When you talk about allowing yourself to use pharmaceuticals, it makes me think of people who pray and pray for their child, but refuse them medicine or medical attention, and they die. God created doctors and the medecines they have provided too... right? I don't see it a weakness to make use of these gifts--if God didn't want them on Earth, they wouldn't be here.
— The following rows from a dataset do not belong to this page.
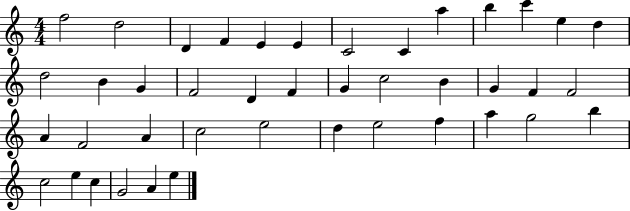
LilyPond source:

{
  \clef treble
  \numericTimeSignature
  \time 4/4
  \key c \major
  f''2 d''2 | d'4 f'4 e'4 e'4 | c'2 c'4 a''4 | b''4 c'''4 e''4 d''4 | \break d''2 b'4 g'4 | f'2 d'4 f'4 | g'4 c''2 b'4 | g'4 f'4 f'2 | \break a'4 f'2 a'4 | c''2 e''2 | d''4 e''2 f''4 | a''4 g''2 b''4 | \break c''2 e''4 c''4 | g'2 a'4 e''4 | \bar "|."
}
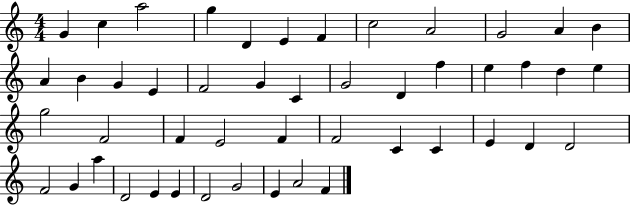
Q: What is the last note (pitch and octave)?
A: F4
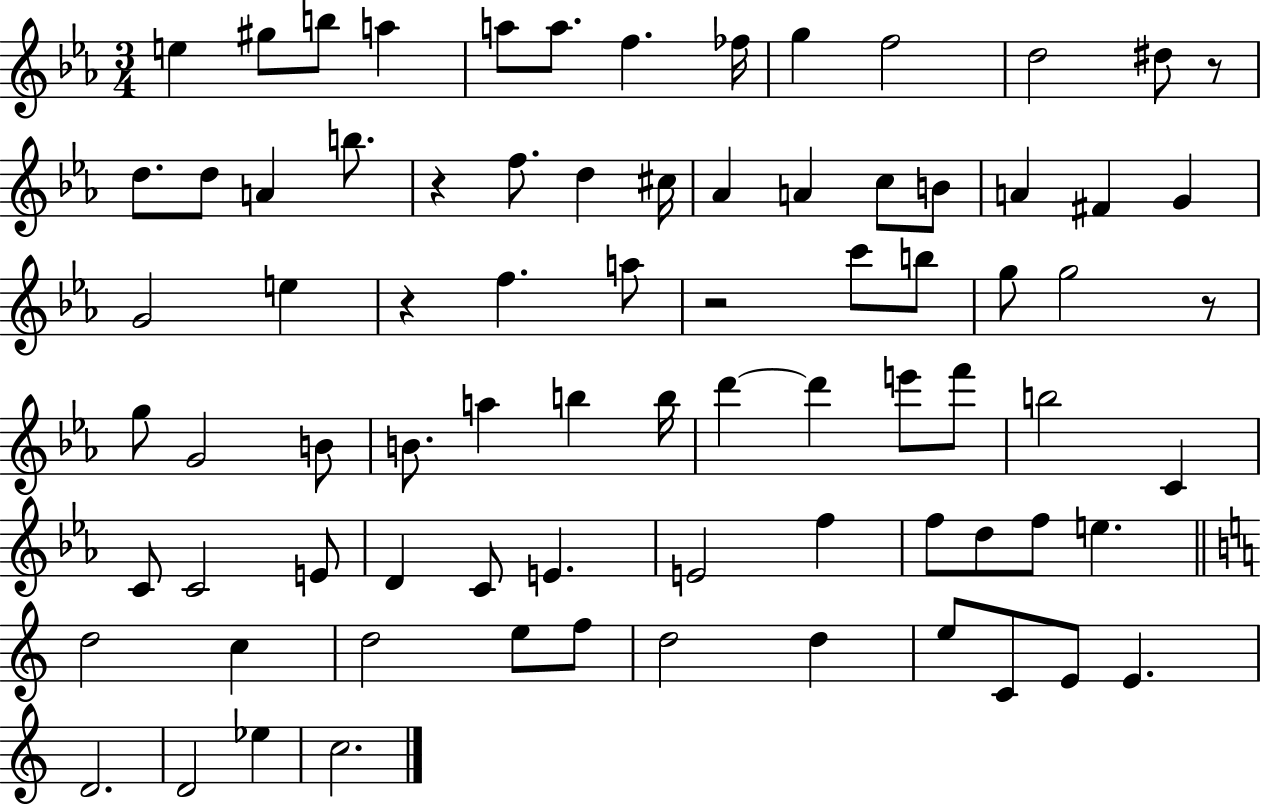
{
  \clef treble
  \numericTimeSignature
  \time 3/4
  \key ees \major
  \repeat volta 2 { e''4 gis''8 b''8 a''4 | a''8 a''8. f''4. fes''16 | g''4 f''2 | d''2 dis''8 r8 | \break d''8. d''8 a'4 b''8. | r4 f''8. d''4 cis''16 | aes'4 a'4 c''8 b'8 | a'4 fis'4 g'4 | \break g'2 e''4 | r4 f''4. a''8 | r2 c'''8 b''8 | g''8 g''2 r8 | \break g''8 g'2 b'8 | b'8. a''4 b''4 b''16 | d'''4~~ d'''4 e'''8 f'''8 | b''2 c'4 | \break c'8 c'2 e'8 | d'4 c'8 e'4. | e'2 f''4 | f''8 d''8 f''8 e''4. | \break \bar "||" \break \key c \major d''2 c''4 | d''2 e''8 f''8 | d''2 d''4 | e''8 c'8 e'8 e'4. | \break d'2. | d'2 ees''4 | c''2. | } \bar "|."
}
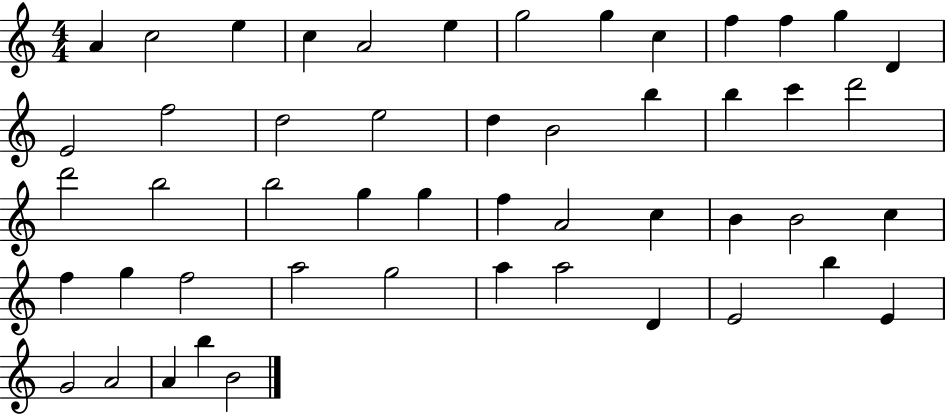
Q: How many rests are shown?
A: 0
On that note, I have to disagree with you a bit on the strength thing. I wouldn't be a good friend if I agreed with you all the time. Yes, your strength comes *from* God, but it is *within you.* That makes it YOUR strength, even if its source is our great Lord. Maybe I just think about that differently in my mind than you do, but anyways... hope that makes sense.

Anonymous said...

Hey Girl! Been thinking of you pretty much constantly. Your blogs are so great because they let me know how you're doing inside and out. I know that this has been the most difficult time in your life as well as a time in which you are learning the most about who you are and what you are capable of. I'm proud of you, I hope you are too. And like your friend above wrote, God created everything; including pharmaceuticals. So use them with confidence, you will be blessed. Hope I can get up there soon to see you and the boy. My car was totalled by the stupid tree so I'm not sure when now. Keep writing, I really love feeling like I know what is going on. I love you Yvette, all of us love you. Hang on to that when the barf comes and the hair lands on the floor. You are beautiful just because you are here. We need you and are so glad you have made the hard decisions and have decided to use the big guns in order to stick around. Brayden has an amazing mother, did you know that?